A list of attendees is available.


Wednesday 20th September 2017
11:00 – 18:00 Open Source Intelligence (OSINT)  – training event is full
14:00 – 18:00 TF-CSIRT Steering Committee Meeting- Invitation only
Evening A range of social activities, prepared by the Swedish CERT forum.
Thursday 21st September 2017
09:00 – 13:00 CLOSED TF-CSIRT Meeting – TI accredited and certified teams only and TI Associates. Information for those with access can be found on the Trusted Introducer website.

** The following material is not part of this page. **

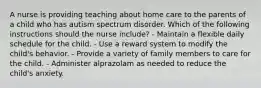 A nurse is providing teaching about home care to the parents of a child who has autism spectrum disorder. Which of the following instructions should the nurse include? - Maintain a flexible daily schedule for the child. - Use a reward system to modify the child's behavior. - Provide a variety of family members to care for the child. - Administer alprazolam as needed to reduce the child's anxiety.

Note: please be at the venue as early as possible as there are two registration steps to go through.  Please see the logistics page for more information.

13:00 – 14:00 LUNCH
14:00 – 14:05 Welcome – Baiba Kaskina, TF-CSIRT Chair
14:05 – 14:15
Welcome from the Swedish CERT Forum – Robert Jonsson, MSB 
14:15 – 14:25 Welcome  from Telia – Daniel Aldstam, TeliaCompany CSO
14:25 – 15:10 Threat Hunting through Network Anomaly Detection – Erik Hjelmvik, Netresec
15:10 – 15:30 BREAK
15:30 – 15:50 Introduction to European Air Traffic Management CERT  – Patrick Mana, European Air Traffic Management CERT

Patrick Mana gave a short introduction the European Air Traffic Management Team, a newly listed team within Trusted Introducer.

TLP: White

15:50 – 16:10 Introduction of CERT-Conix, BTG and Machoke – Robin Marsollier, CERT-Conix

CERT-Conix introduced themselves and presented various tools it make to improve its workflow, namely BTG and machoke.BTG: fast and efficient search on observable.Machoke: CFG-hash for malware classification. The basic operation is to convert the CFG tree of a function to a string, by naming nodes and recording jumps and calls, to concatenate the strings of all functions and generate a murmurhash3 of the whole. This construction produces a hash resisting minor modifications of source code for the hashed sample. Moreover, comparison à-la ssdeep is possible.

TLP: White

16:10 – 16:30 Updates from the TF-CSIRT SC and TI Team
16:30 – 16:50 IT Security at Cygate AB – Johan Åhrman, Cygate
16:50 – 17:15 TF-CSIRT SC Elections
18:30 – 23:00 The social event held on 21st September will be held at the Nobel Museum (http://www.nobelmuseum.se/en) on Stockholm’s Old Town. There will be a short guided tour of the museum (18:30 – 19:00) followed by a buffet of dishes from past Nobel gala dinners.
Friday 22nd September 2017
09:00 – 09:10 Welcome – Baiba Kaskina, TF-CSIRT Chair
09:10 – 09:25 Scaning CMS – Zuzana Duracinska, CZ.NIC

The problem of running outdated CMS is that these CMS’ are like a bait for various attacks. As the National CSIRT operated by ccTLD we have decided to check the HTML headers (or CMS specific files) of all registered .cz domains and check which of them runs outdated version of most popular CMS (WordPress, Joomla). Decision to kick-out this action was followed by legal expertise from number of lawyers. In the presentation I will try to cover this action along with the results and feedback we got from the domain owners.

TLP: White

09:25 – 09:45 DKCERT services for Danish Research and Education Institutions – Henrik Larsen, DKCERT

The presentation will give an overview of the Danish NREN CERT services and a more detailed view on vulnerability scannings, both external and internal, and how the findings are reported to the institutions.TLP: White
09:45 – 10:00 Common Taxonomy – Andrea Dufkova, ENISA

Andrea gave a short introduction to a task force for CSIRT taxonomy that is being established by ENISA. The task force will aim to find solutions or a way forward to cover issues and concerns that were raised with regards to the current taxonomies and their use within the CSIRT community. A meeting to further discuss the task force and work areas took place on Friday afternoon.

TLP: White

10:00 – 10:30
10:30 – 11:00 DNS Firewall use cases and lessons learned – Matthias Seitz, SWITCH CERT

SWITCH-CERT is operating a DNS Firewall (DNS RPZ) for the Swiss NREN and also other customers for more than two years and is currently protecting more than 200’000 users from malware and phishing.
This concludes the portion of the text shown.